Die tickets worden niet alleen door de laagste handicappers gewonnen. Ja, Robert-Jan Derksen deed twee jaar nadat hij met golfpensioen was gegaan als gimmick mee, sloeg zijn bal op een klein metertje van de vlag ('nog altijd een van de hoogtepunten van mijn carrière') en versloeg daarmee in de eerste editie onder meer Ross Fisher en Mike Lorenzo-Vera. Maar in 2024 won er iemand die zijn bal niet eens op de green sloeg. Dat was voor het eerst, maar laat het een houvast zijn voor toekomstige deelnemers. Je slag hoeft niet perfect te zijn, je moet ook een beetje geluk hebben met hoe de rest van je groep het ervan afbrengt.
Deur op een kier
Mijn groep bestaat deze vrijdagochtend uit Ricardo Gouveia, Dan Bradbury en het grote amateurtalent Louis Klein. Geen hoogvliegers, maar evengoed golfers die me op de 106 meter lange par-3 11de van The International zullen laten zien wat echt golfen is. De hole mag in vergelijking met die op Bernardus relatief makkelijk zijn, een uitgemaakte zaak dat je de green raakt is het zeker niet. Waar nagenoeg elke misser op de baan in Cromvoirt in het water eindigde, is de kans op een bal in de bunker hier weer heel groot. Rond de green van wat normaal gesproken een par-4 is, liggen maar liefst acht bunkers en de bal moet dus echt de lucht in om in de buurt van de vlag te komen. Met een gelukkige hazennaaier ga je het niet redden. Bovendien zijn de statistieken voor deze afstand van de pro's behoorlijk intimiderend: vanaf honderd meter slaan ze de bal in 85% van de gevallen op de green en vaak behoorlijk dicht bij de vlag.

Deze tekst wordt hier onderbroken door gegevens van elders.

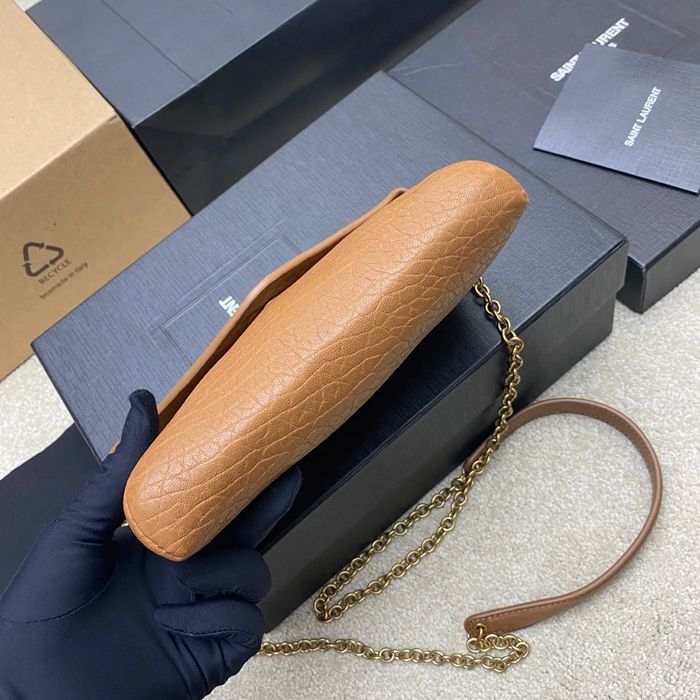 SAINT LAURENT 819271 ラムレザー、エレファント ゴールド、イエロー、キャラメル 斜め掛けバッグ、チェーンバッグ、封筒バッグ チェーン、封筒、カリプソ、ミニ 19x12cm サイズ:19x12cm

In die zin zetten mijn flightgenoten de deur op een kier. Ook Gouveia. De Portugees, die al op +11 staat voor het toernooi, weet zijn bal maar ternauwernood achter op de green te houden en ligt misschien wel twintig meter van de pin. Dat hij zijn bal niet veel later vanaf daar uitholet voor een birdie, dat doet er niet toe. Amateurs mogen een teeshot slaan, maar geen voet op de green zetten, laat staan putten.
Als tweede speler is de pas 14-jarige Tsjech Louis Klein aan de beurt. Zijn naam ten spijt een boom van een vent, met een zelfverzekerde oogopslag en de handdruk van een havenarbeider. Zijn bal eindigt op iets meer dan 3,5 meter, waardoor ik mijn kansen enorm zie slinken.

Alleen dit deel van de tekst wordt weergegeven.